**What the exercise asks**: Starting with the opening line of the material, restate every line word for word, and end on the line containing "İpek Kanatlar Runner".

**Extracted material**:

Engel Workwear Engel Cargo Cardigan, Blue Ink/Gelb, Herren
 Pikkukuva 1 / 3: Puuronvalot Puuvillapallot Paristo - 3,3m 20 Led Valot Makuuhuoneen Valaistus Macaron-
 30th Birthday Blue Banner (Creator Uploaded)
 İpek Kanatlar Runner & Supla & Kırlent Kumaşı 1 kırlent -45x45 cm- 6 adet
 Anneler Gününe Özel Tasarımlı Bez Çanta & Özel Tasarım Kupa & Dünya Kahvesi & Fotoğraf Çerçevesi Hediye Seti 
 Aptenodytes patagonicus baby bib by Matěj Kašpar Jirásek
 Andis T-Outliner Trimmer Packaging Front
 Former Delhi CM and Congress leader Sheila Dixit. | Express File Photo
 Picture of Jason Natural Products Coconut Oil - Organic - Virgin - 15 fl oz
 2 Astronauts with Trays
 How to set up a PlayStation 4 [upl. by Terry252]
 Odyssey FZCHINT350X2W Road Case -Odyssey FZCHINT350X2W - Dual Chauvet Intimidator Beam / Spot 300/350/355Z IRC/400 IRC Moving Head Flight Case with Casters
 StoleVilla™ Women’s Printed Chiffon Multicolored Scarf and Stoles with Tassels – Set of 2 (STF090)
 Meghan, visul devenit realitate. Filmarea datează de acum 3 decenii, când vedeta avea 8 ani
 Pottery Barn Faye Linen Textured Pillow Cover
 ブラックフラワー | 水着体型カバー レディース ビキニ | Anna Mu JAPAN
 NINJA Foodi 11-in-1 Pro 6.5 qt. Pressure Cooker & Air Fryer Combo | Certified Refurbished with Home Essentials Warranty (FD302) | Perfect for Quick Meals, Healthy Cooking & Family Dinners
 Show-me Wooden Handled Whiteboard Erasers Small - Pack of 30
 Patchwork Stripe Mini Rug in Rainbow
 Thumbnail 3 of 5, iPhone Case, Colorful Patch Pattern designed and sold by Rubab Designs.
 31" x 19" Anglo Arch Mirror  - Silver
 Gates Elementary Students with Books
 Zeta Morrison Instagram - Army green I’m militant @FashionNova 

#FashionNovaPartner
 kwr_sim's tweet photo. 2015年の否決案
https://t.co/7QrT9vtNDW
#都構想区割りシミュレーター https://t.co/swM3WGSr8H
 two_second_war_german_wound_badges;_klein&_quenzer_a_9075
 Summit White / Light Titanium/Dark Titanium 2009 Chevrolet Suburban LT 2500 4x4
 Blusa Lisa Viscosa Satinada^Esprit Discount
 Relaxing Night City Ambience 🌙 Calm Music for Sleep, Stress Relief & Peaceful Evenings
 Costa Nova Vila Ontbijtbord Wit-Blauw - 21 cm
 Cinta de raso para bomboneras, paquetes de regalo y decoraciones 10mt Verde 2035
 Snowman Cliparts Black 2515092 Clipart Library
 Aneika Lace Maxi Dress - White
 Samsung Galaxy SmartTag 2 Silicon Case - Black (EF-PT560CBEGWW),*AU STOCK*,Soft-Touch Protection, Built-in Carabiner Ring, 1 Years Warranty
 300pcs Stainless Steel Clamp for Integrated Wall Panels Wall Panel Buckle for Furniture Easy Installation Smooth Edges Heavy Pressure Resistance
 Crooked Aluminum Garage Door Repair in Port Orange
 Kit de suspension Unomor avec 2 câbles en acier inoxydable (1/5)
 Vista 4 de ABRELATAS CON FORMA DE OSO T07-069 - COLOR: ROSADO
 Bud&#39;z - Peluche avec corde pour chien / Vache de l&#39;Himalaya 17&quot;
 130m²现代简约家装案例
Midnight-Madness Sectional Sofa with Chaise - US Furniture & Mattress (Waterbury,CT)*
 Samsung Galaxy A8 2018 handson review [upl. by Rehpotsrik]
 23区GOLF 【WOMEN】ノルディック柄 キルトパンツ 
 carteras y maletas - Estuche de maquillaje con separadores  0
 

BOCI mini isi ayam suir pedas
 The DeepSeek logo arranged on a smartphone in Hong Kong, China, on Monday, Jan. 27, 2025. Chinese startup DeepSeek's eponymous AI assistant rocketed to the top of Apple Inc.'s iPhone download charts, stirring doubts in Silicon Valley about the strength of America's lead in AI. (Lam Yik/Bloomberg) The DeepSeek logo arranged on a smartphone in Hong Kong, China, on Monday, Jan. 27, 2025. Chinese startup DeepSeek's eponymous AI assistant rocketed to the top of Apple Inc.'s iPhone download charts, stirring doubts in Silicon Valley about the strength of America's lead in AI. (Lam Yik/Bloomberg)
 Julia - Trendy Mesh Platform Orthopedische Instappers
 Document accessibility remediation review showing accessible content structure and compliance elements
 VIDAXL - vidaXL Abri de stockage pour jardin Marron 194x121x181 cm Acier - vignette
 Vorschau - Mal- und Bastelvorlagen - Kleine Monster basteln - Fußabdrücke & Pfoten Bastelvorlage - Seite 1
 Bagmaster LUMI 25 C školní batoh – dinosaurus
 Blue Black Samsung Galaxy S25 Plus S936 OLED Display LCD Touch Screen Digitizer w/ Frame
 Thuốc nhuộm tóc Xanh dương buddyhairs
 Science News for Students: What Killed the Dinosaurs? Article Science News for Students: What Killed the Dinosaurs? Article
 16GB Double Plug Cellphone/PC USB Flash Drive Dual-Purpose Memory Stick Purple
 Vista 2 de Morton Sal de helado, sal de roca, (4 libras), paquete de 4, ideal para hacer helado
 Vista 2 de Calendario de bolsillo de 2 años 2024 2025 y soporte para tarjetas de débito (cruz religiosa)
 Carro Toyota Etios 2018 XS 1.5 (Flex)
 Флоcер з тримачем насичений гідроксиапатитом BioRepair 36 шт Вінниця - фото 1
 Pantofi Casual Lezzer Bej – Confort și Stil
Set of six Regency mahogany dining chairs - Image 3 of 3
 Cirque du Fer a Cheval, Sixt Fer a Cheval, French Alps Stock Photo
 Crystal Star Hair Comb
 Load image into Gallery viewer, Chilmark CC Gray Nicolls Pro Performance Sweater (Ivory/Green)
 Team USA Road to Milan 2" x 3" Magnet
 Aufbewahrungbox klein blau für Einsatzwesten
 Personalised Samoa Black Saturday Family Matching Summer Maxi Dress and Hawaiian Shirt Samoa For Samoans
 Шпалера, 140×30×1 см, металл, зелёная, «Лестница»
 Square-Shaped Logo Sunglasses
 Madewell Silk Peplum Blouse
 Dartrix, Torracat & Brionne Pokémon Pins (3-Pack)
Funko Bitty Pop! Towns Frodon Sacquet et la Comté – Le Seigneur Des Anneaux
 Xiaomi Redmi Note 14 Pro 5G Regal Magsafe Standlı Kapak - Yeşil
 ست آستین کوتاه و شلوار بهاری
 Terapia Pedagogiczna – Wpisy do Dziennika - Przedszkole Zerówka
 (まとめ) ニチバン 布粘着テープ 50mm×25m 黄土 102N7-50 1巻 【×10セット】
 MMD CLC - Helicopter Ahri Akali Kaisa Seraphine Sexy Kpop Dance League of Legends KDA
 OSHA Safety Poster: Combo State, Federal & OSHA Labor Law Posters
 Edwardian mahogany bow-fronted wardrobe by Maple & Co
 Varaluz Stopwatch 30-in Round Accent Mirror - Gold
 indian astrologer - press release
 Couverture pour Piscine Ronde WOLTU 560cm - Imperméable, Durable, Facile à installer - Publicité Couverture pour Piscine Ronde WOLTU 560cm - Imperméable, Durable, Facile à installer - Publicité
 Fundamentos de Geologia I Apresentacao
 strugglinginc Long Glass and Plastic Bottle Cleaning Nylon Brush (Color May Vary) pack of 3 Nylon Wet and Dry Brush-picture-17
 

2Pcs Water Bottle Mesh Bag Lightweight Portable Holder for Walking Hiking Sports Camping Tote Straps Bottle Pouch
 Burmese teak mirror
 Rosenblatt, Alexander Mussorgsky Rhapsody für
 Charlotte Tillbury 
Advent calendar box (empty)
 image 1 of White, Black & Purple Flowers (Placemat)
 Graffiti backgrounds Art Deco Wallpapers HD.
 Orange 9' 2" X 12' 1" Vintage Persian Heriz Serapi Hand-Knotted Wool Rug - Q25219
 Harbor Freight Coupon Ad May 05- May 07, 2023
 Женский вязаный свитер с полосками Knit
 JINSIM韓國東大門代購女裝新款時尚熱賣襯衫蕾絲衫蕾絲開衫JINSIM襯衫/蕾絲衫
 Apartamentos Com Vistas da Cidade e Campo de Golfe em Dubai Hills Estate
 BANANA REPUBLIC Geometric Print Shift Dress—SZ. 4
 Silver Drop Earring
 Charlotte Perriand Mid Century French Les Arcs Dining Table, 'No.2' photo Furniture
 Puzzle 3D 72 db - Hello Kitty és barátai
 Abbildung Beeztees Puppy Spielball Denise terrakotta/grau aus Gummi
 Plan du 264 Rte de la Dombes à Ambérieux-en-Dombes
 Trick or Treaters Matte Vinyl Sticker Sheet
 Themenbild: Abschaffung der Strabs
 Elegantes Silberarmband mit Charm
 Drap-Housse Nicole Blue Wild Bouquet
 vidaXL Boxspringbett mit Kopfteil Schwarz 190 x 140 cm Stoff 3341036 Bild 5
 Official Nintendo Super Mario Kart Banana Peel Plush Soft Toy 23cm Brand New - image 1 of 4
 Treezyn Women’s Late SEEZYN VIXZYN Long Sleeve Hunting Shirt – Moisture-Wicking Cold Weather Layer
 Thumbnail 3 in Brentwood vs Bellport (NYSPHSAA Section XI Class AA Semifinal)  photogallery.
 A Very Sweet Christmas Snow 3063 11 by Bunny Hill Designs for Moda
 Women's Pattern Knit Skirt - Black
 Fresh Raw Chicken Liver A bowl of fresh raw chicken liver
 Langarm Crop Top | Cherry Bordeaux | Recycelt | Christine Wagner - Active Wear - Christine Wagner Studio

**Written answer**:
Engel Workwear Engel Cargo Cardigan, Blue Ink/Gelb, Herren
 Pikkukuva 1 / 3: Puuronvalot Puuvillapallot Paristo - 3,3m 20 Led Valot Makuuhuoneen Valaistus Macaron-
 30th Birthday Blue Banner (Creator Uploaded)
 İpek Kanatlar Runner & Supla & Kırlent Kumaşı 1 kırlent -45x45 cm- 6 adet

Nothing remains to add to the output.